Word for word, set down the lines from the one that holds "Grünen-Fraktionschef Werner Graf" through the final line of the listing below, and exclude every picture.

● Supplied information:
* * *

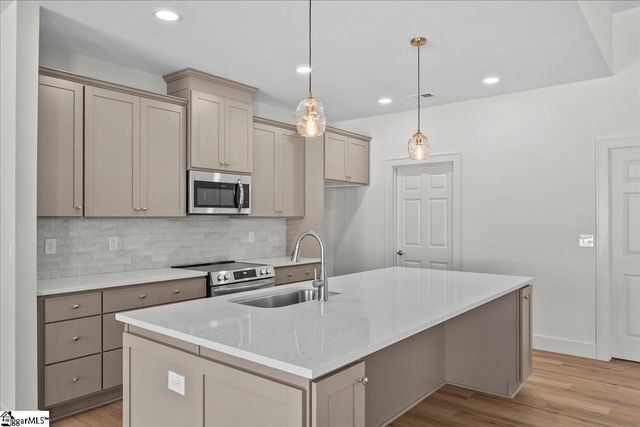 104 Wood Road, Taylors, SC 29687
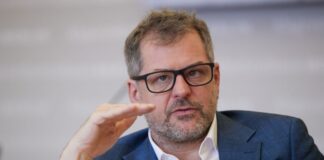 Grünen-Fraktionschef Werner Graf sieht falsche Weichenstellungen bei der Fernwärme in Berlin. 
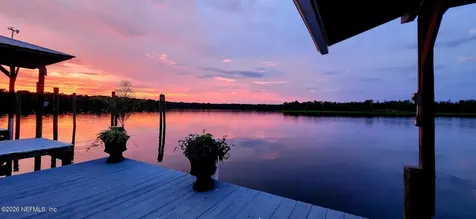 200 Sportsman Drive Welaka FL 32193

* * *

● Answer to this problem:
 Grünen-Fraktionschef Werner Graf sieht falsche Weichenstellungen bei der Fernwärme in Berlin. 
 200 Sportsman Drive Welaka FL 32193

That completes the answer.